La différence entre les deux albums est que nous ne disposions pas de tout le master multipistes de The Wake, nous n’avions que le mixage final en stéréo, que nous avons pu « remasteriser ». Nous avons pu faire des choses comme compresser l’extrémité de la gamme inférieure pour faire ressortir davantage la basse et les pédales basses, et élargir la gamme moyenne supérieure pour obtenir un peu plus de clarté, mais dans l’ensemble, il s’agit du même mixage que l’original.
Avec Tales… nous avons véritablement pu repartir du master en vingt-quatre pistes et reprendre de zéro le mixage. Nous avons pu faire des choses comme isoler les pistes de batterie et les traiter correctement, égaliser la basse pour que vous puissiez entendre chaque note jouée par Tim, et retraiter l’enregistrement original d’orgue, en le faisant passer à travers un haut-parleur Leslie pour lui donner cet authentique son Hammond. C’est ce que j’aurais voulu faire du mixage original, si j’avais eu le temps et l’expérience nécessaires il y a trente ans.
Il était important pour moi que nous ne réenregistrions aucune voix ni instrument car je souhaitais que l’ensemble sonne le plus authentique possible. J’ai néanmoins ajouté quelques effets sonores supplémentaires comme le « vent » au début de « The Last Human Gateway » et le traitement vocal sur les passages calmes de « The Last Human Gateway » et « The Enemy Smacks ». Là encore, c’est ce que j’aurais voulu faire à l’origine si j’avais eu de temps.

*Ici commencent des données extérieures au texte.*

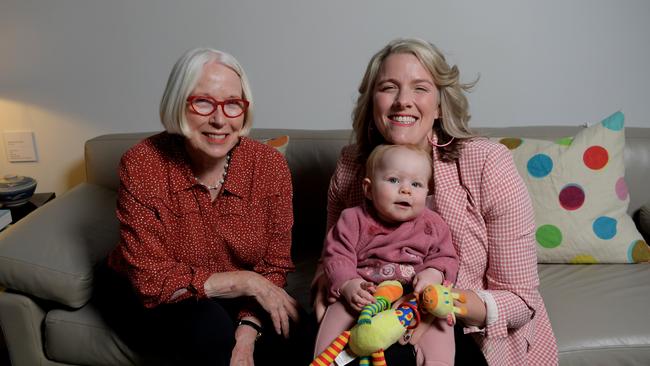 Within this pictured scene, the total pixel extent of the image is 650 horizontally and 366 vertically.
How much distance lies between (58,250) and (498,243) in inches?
54.4

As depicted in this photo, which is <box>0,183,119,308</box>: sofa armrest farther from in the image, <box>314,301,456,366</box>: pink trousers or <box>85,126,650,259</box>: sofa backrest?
<box>314,301,456,366</box>: pink trousers

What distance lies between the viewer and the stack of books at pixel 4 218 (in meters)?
2.06

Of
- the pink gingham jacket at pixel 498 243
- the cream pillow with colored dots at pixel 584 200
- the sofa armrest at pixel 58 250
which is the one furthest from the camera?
the cream pillow with colored dots at pixel 584 200

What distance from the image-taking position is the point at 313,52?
2221 mm

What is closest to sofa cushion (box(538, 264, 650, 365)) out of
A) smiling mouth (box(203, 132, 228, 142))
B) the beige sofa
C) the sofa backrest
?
the beige sofa

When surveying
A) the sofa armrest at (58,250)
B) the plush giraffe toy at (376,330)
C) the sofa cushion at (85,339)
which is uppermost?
the plush giraffe toy at (376,330)

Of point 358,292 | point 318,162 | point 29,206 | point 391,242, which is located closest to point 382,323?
point 358,292

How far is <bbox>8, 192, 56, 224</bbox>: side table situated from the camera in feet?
7.17

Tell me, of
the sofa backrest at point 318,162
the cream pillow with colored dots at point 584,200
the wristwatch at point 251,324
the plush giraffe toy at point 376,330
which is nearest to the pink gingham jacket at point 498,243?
the plush giraffe toy at point 376,330

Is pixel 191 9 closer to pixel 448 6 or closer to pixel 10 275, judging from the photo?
pixel 448 6

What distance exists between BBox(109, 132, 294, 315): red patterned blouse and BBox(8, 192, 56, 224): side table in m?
0.86

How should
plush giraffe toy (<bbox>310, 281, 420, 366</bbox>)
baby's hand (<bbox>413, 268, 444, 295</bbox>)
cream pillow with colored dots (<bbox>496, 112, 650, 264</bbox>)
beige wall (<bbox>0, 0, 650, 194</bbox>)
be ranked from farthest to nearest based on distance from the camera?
beige wall (<bbox>0, 0, 650, 194</bbox>), cream pillow with colored dots (<bbox>496, 112, 650, 264</bbox>), baby's hand (<bbox>413, 268, 444, 295</bbox>), plush giraffe toy (<bbox>310, 281, 420, 366</bbox>)

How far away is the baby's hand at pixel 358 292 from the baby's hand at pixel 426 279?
10 cm

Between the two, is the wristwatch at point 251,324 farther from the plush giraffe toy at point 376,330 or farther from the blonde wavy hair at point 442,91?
the blonde wavy hair at point 442,91
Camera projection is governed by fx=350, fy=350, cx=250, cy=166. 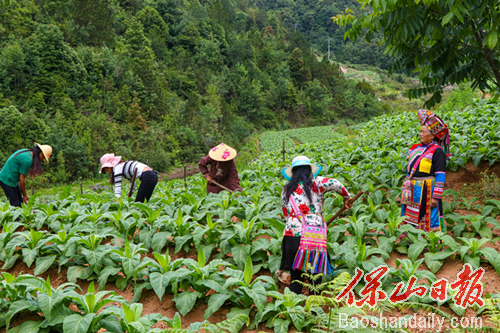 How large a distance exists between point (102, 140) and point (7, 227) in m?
23.6

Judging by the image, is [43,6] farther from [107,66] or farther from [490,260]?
[490,260]

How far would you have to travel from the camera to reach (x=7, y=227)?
16.0ft

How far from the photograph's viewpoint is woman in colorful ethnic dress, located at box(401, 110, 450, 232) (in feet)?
14.6

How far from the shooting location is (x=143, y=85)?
35.6m

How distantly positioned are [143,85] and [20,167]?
1234 inches

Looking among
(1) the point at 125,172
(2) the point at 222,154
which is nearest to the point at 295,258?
(2) the point at 222,154

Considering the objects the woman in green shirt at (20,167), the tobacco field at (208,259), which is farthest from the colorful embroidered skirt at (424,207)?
the woman in green shirt at (20,167)

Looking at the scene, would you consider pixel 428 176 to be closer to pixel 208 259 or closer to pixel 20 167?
pixel 208 259

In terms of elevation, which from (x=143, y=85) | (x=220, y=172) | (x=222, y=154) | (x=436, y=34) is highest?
(x=436, y=34)

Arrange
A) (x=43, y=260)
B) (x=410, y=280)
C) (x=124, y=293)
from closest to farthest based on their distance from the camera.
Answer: (x=410, y=280) < (x=124, y=293) < (x=43, y=260)

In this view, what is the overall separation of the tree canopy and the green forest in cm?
1894

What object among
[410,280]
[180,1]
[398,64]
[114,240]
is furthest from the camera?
[180,1]

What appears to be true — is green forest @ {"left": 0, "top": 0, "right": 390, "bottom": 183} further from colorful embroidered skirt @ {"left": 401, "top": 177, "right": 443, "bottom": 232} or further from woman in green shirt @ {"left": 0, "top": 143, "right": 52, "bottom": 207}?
Result: colorful embroidered skirt @ {"left": 401, "top": 177, "right": 443, "bottom": 232}

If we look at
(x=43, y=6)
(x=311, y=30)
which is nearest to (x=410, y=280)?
(x=43, y=6) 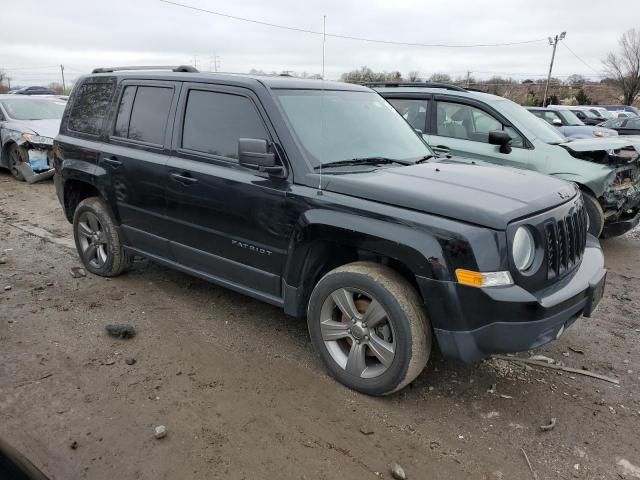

Quelque part dans le livret, j’ai lu que l’album s’est vendu à soixante mille exemplaires depuis sa sortie, ce qui est assez impressionnant. Serait-il encore possible aujourd’hui, pour un groupe comme IQ, de vendre autant ? Quelle est votre meilleure vente à ce jour ?
Soixante mille est un bon nombre pour un album qui a été enregistré et mixé en cinq jours. Il est tout à fait possible que nous en ayons vendu autant sur une période de trente ans. Pour être honnête, je n’ai pad d’idée exacte de tous les chiffres de ventes de nos albums. Nous avons travaillé avec tant de labels et signé tant de contrats de licences qu’il est difficile d’avancer des chiffres définitifs.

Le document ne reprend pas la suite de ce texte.